I know what you’re thinking:  banks are in fact wildly profitable – the FDIC said so on Tuesday.  Actually, it didn’t say so – what it showed was a record dollar amount of average industry profitability.  Viewing bank profitability as record profitability by dollar totals is a lot like saying that Venezuelan bakers are raking in record bread prices.  Inflation makes a difference – a lot of difference. 

Size also makes a lot of difference.  A $100 million profit for Federal Financial Analytics would indeed be record breaking.  For JPMorgan, $100 million is pocket change.  Dollar revenue totals are up because banks are bigger.  Maybe banks shouldn’t be bigger, but they are.  And, even if banks weren’t bigger, the economy is when measured by nominal GDP.  Bank lending has in fact shrunk in comparison with private-sector GDP.  Dollars notwithstanding, the basic business model of banking is far from robust.

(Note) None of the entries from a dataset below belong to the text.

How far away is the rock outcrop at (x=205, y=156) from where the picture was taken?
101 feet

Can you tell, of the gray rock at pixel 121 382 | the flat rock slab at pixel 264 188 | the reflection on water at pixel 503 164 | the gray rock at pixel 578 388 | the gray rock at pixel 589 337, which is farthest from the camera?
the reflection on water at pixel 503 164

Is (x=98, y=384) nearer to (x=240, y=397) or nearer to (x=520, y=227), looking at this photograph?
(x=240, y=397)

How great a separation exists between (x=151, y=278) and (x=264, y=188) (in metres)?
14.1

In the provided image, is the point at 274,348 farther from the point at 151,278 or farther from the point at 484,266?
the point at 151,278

Investors know this.  They measure profitability not by dollar totals, but by return on assets (ROA) and – even more importantly- by return on equity (ROE).  Even with the windfall the tax law threw their way, insured-depository ROEs last quarter averaged 11.4 percent.  Translation: even with all the tax loot, the industry is just barely breaking even given the benchmark cost of capital of about ten percent.  Record ROE was in 2003 – well before the crisis boom – when it hit fifteen percent according to the FDIC and thus provided a tidy ROE given the cost of capital.

Advocates of higher capital requirements expected that the cost of capital would go down as capital standards rose.  The reason for this comes from classical economic theory (Modigliani-Miller) which found decades ago that investors demand less when risks drops.  This might be true, but it hasn’t worked for banks, as a comprehensive survey of post-crisis capital rules from the Bank for International Settlements concluded.

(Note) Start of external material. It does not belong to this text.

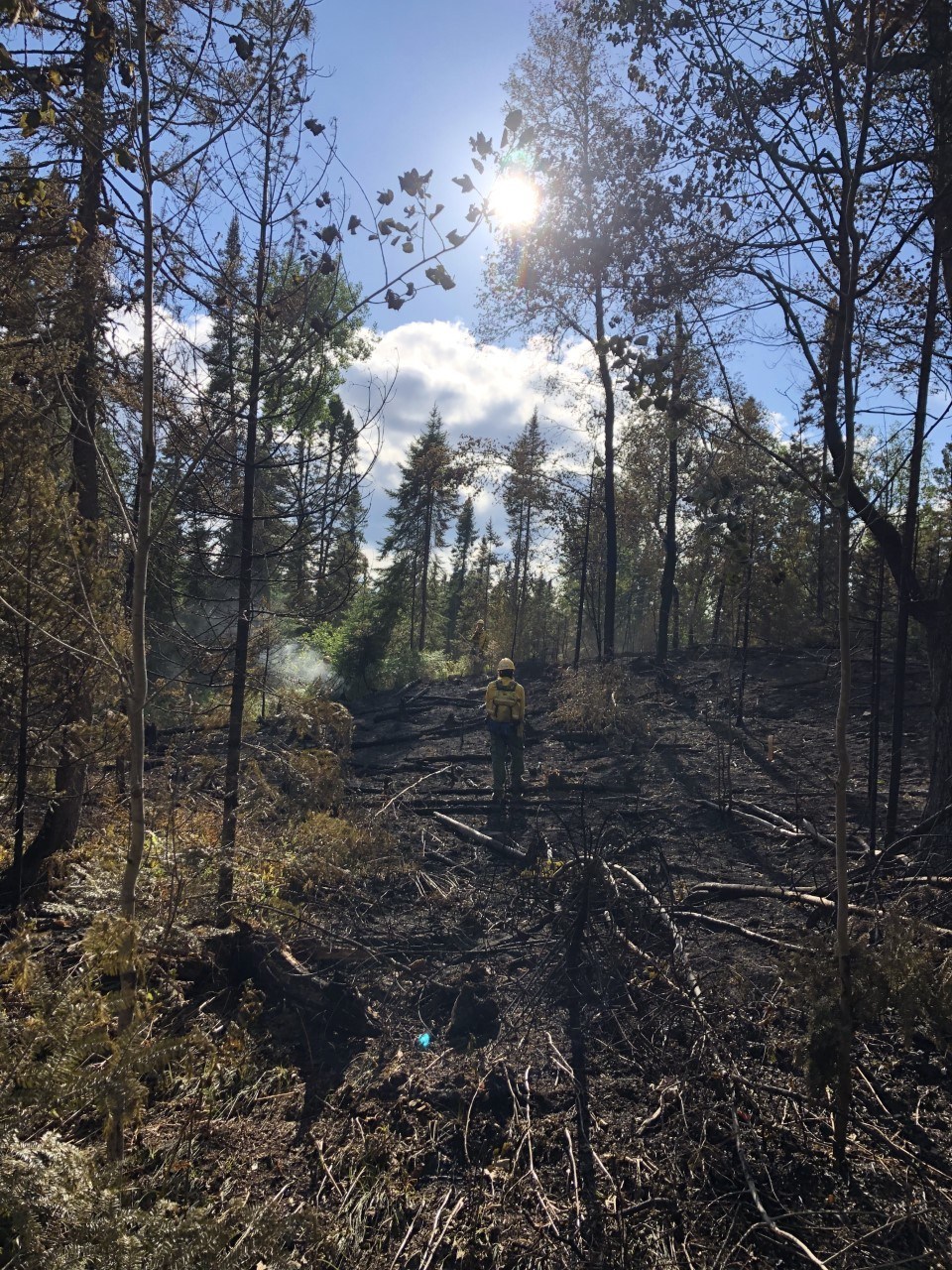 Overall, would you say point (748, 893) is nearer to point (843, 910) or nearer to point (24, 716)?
point (843, 910)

Which brings me back to why even a bit of regulatory relief will spark a consolidation wave.  Lower regulatory costs boost earnings even in the absence of a revenue-enhancing business model.  With the rollback of size thresholds that added new costs for no good reason, banks can buy another bank, shed some costs, increase efficiency (or at least so the theory goes), and voila – shareholder value.  Cost savings in M&A transactions are always possible over time, but near-term regulatory relief boosts these savings and thus gives M&A an added shareholder rationale. 

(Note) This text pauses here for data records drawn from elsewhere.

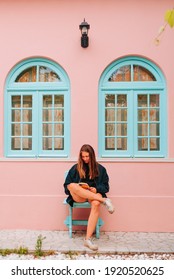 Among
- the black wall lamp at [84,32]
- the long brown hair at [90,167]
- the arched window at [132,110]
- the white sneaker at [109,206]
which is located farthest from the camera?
the arched window at [132,110]

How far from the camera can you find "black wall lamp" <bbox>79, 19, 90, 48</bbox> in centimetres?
555

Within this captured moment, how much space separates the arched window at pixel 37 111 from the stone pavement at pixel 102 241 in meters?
1.39

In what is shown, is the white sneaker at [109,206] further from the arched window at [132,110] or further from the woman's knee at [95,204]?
the arched window at [132,110]

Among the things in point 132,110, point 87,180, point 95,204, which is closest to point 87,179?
point 87,180

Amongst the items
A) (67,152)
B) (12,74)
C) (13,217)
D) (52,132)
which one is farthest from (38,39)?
(13,217)

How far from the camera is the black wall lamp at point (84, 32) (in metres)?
5.55

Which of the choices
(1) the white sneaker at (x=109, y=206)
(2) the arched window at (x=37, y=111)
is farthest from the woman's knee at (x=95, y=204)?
(2) the arched window at (x=37, y=111)

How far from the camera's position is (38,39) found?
578 centimetres

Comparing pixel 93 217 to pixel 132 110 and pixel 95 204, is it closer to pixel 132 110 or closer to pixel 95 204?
pixel 95 204

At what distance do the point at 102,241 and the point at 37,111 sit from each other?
99.1 inches

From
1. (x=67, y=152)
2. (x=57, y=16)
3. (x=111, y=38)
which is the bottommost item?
(x=67, y=152)

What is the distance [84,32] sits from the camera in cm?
560

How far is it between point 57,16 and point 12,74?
131 cm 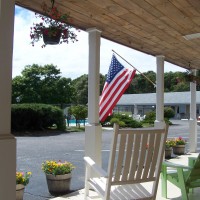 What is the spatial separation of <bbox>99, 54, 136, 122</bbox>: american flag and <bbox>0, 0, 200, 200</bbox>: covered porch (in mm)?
466

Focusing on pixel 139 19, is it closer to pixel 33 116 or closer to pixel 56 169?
pixel 56 169

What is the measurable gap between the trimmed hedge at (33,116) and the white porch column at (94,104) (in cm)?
1310

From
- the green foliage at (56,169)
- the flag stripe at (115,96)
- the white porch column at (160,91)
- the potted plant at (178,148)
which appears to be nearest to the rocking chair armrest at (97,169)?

Does this rationale hold quarter over quarter as two banks are finally combined into the bigger one from which costs savings are supposed to come?  Eliminating an add-on regulatory cost increases efficiency, but the real value in a bank charter is its revenue-enhancing products, not a skinny infrastructure that might undermine customer service and increase operational risk.  Even before the crisis rules kicked in, the real shareholder-value proposition in monster M&A transactions was validated only sporadically in the best-constructed transactions.  With many rules untouched by the new law and a whole lot of unregulated competition, M&A remains a short-term solution to the longer-term questions surrounding the future of traditional financial intermediation through regulated banks.